Zudem ist die Mensur als Teil der sogenannten "burschenschaftlichen Erziehung" mit den Zielen der österreichischen Schule inkompatibel. Sie ist inkompatibel, da sie einen Widerspruch in sich darstellt, das heißt, einerseits Friedenserziehung anzustreben und Schläger- und Säbelkämpfe andererseits zu ermöglichen. Sie ist aber auch inkompatibel, da sie der Humanität und letztlich besonders der Offenheit und Toleranz gegenüber den Menschen als Grundwert der Schule widerspricht.

Kindeswohl an erster Stelle

Es ist möglich, einerseits für die Beibehaltung der Mensur für schlagende Verbindungen auf der Universitätsebene zu sein, doch andererseits kann - wenn es um Jugendliche geht - nur dringlich an alle Erziehungsberechtigten appelliert werden, das Kindeswohl an erste Stelle zu setzen und diesen Gewalttätigkeiten einen Riegel vorzuschieben. Zu beachten sind in dem Zusammenhang insbesondere die in § 138 Z. 2 und 7 ABGB geregelten wichtigen Kriterien bei der Beurteilung des Kindeswohls, sowohl die Fürsorge, Geborgenheit und der Schutz der körperlichen und seelischen Integrität des Kindes als auch die Vermeidung der Gefahr für das Kind, Übergriffe oder Gewalt selbst zu erleiden.

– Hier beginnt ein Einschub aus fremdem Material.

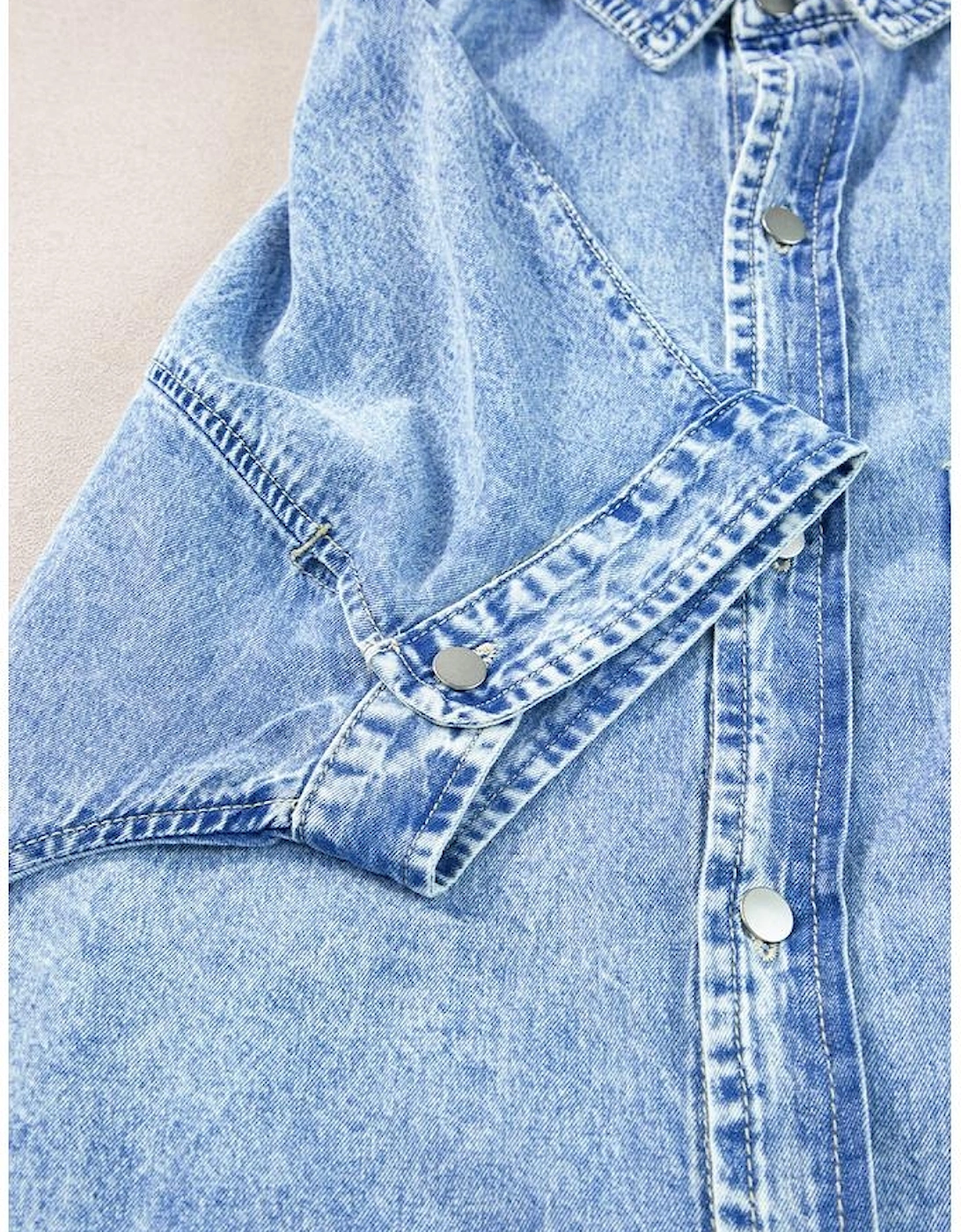 Light Blue Loose Medium Wash Short Sleeve Shirt Chambray Dress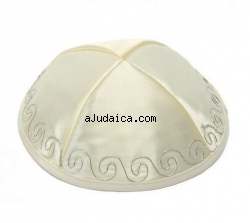 Beige Satin Kippah by aJudaica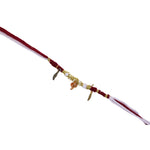Ganesh Ji charm rakhi with feather dangles on beaded thread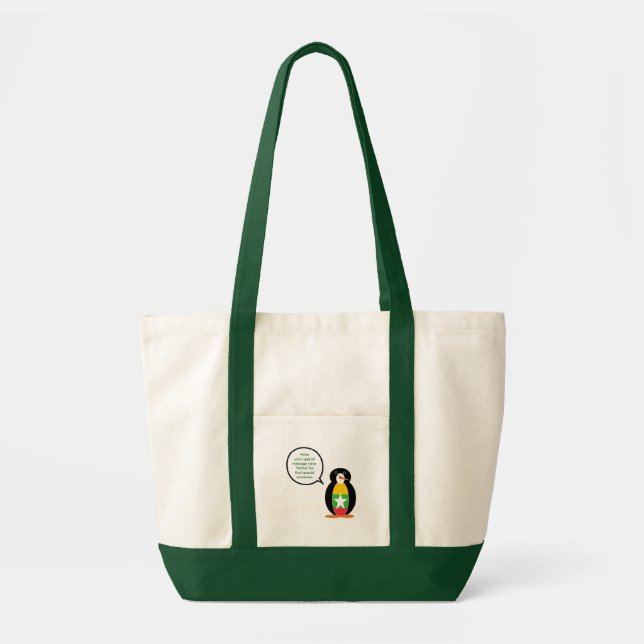 Bolso De Tela Burmese Myanmar Flag Talking Ms. Penguin (Frente)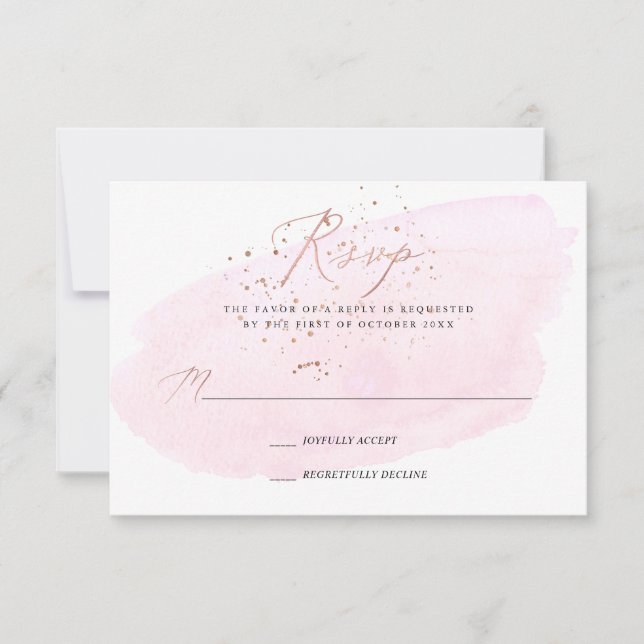 Invitation Aquarelle rose Champagne Bubbles+Calligraphie RSVP (Devant)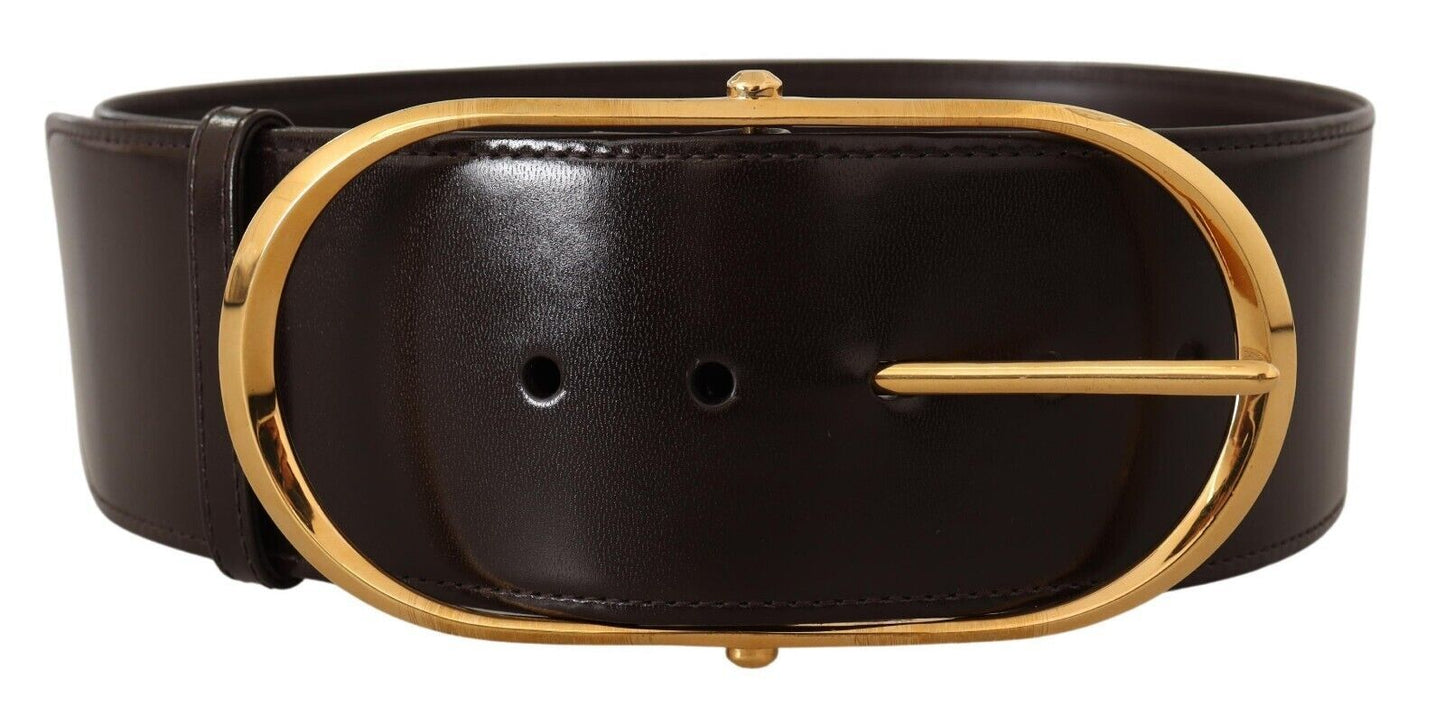 Schwarzes Leder Gold Metall Breite Taille Schnalle Gürtel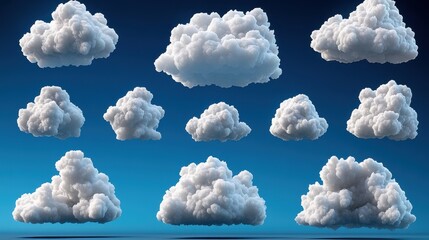 Collection of fluffy clouds on a blue sky background, isolated with no distractions.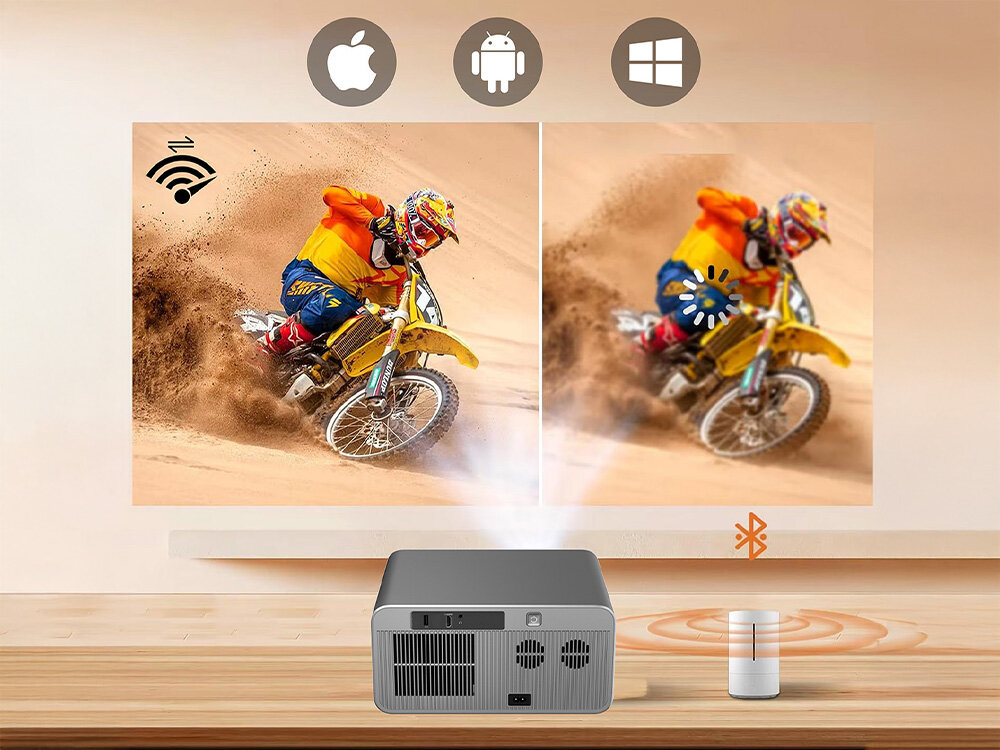 Projektor ZENWIRE PrimeView G60 Wi-Fi 6 Bluetooth bezprzewodowe przesyłanie obrazu, projektor stojący na stole wyświetlający obraz na ścianie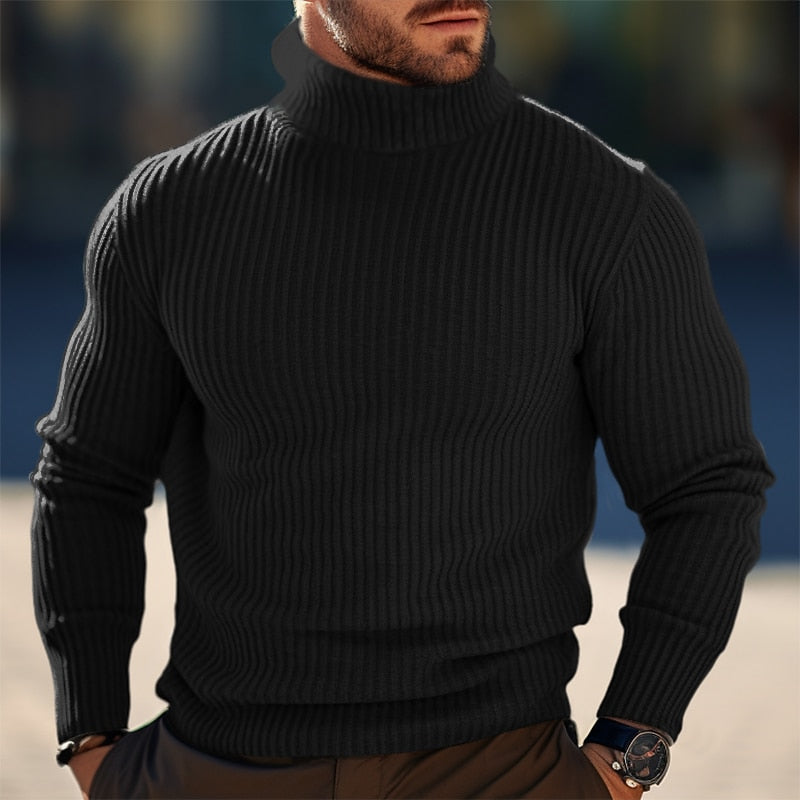 Turtleneck Sweater for Men | Ribbed Autumn Layering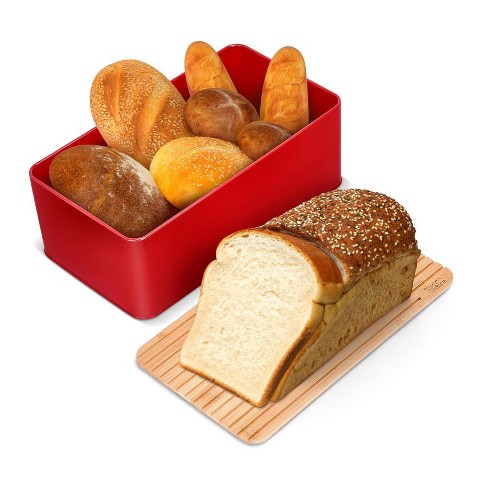 Prosumer's Choice Metal Bread Box with Cutting Board-Red - image 1 of 4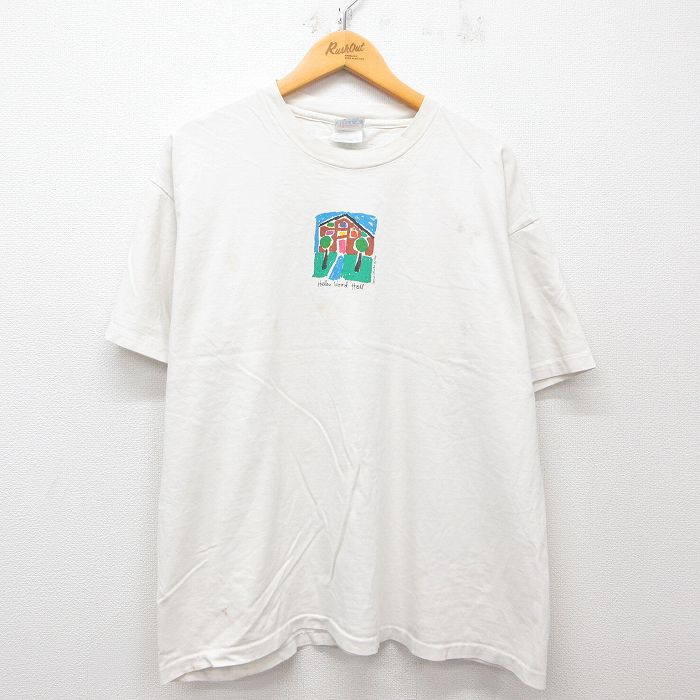 XL★古着 ヘインズ Hanes 半袖 ビンテージ Tシャツ メンズ 90年代 90s Helen Wood Hall 大きいサイズ コットン クルーネック 白 ホワイト 25apr08 中古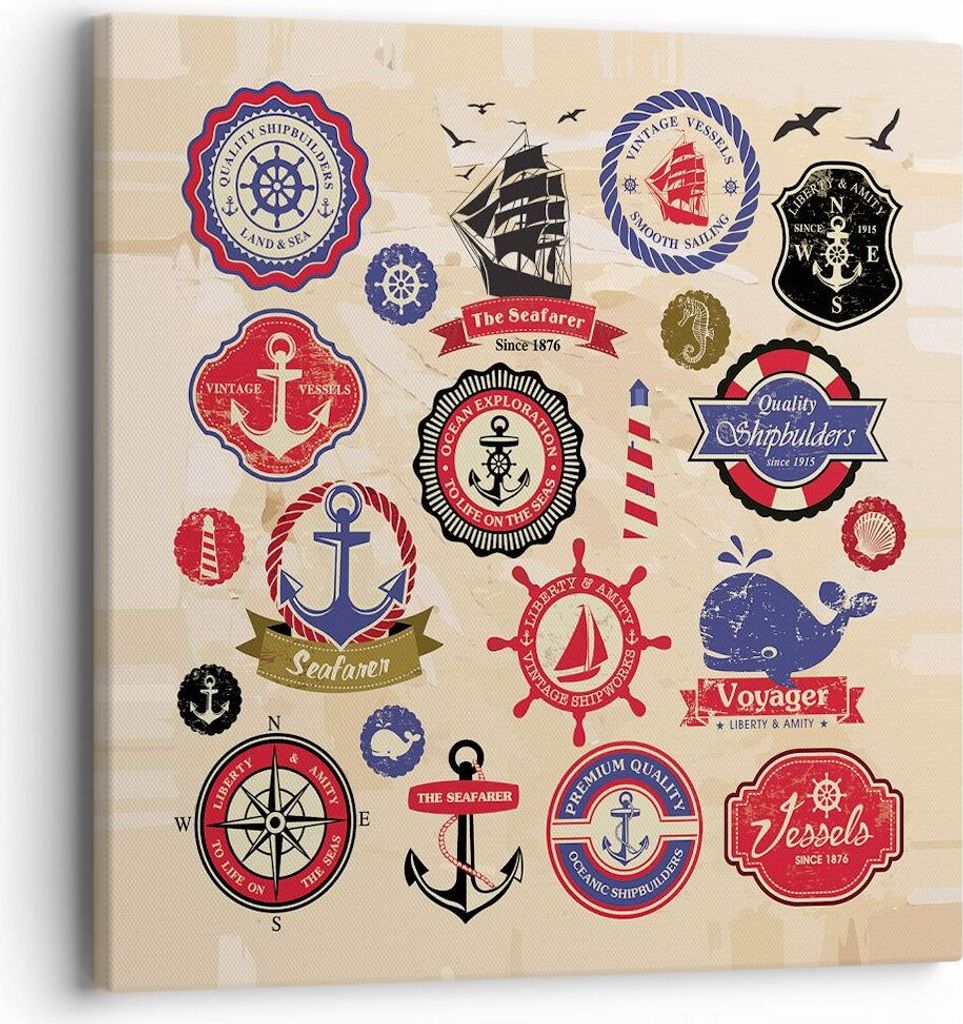 Bild auf Leinwand - Leinwandbild - Anker Fahne Abzeichen Boot - 40x40cm - Wand Bild - Wanddeko - Leinwanddruck - Bilder - Kunstdruck - Wanddekorati...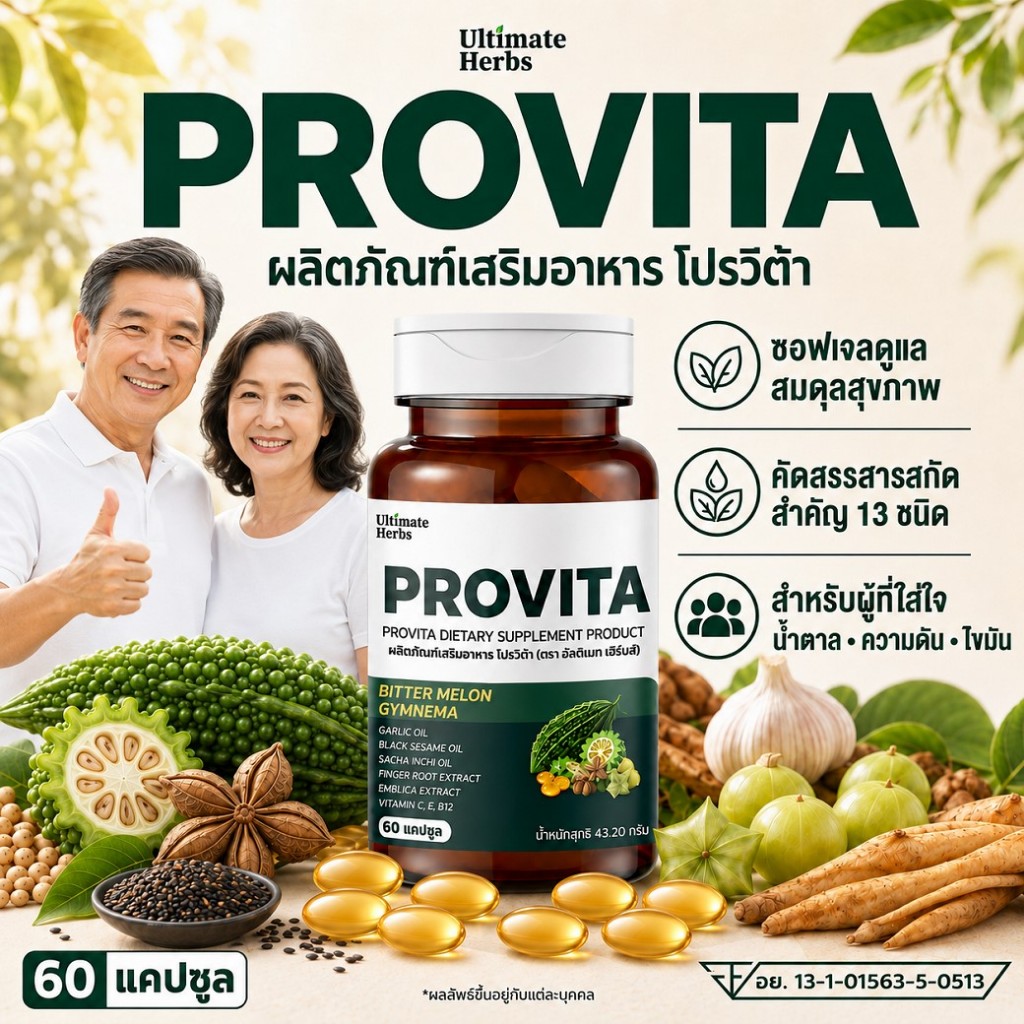 โปรวีต้า ซอฟเจลลดน้ำตาล สารสกัดผักเชียงดา มะระขี้นก ดูแลความดัน เบาหวาน ไขมัน น้ำตาลในเลือดสูง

Neben dem zivilrechtlichen Schutz sind Kinder - nach Artikel 1 der UN-Kinderrechtskonvention jeder Mensch unter 18 Jahren - auch auf Verfassungsebene geschützt. So hat nach Artikel 1 des BVG Kinderrechte jedes Kind Anspruch auf den Schutz und die Fürsorge, die für sein Wohlergehen notwendig sind. Dies umfasst selbstverständlich auch Schutz vor Gewalttätigkeiten im Zusammenhang mit milieubedingten Männlichkeitsnachweisen.

Weiters muss nach Artikel 1 des BVG Kinderrechte bei allen Maßnahmen öffentlicher und privater Einrichtungen, die Kinder betreffen, das Wohl derselben im Vordergrund stehen. Die Heranziehung des Strafrechts bei Fällen, in denen Kinder und Jugendliche im Rahmen einer Mensur verletzt werden, wäre durch das Kindeswohlvorrangigkeitsprinzip des Artikel 1 BVG Kinderrechte verfassungsrechtlich legitim.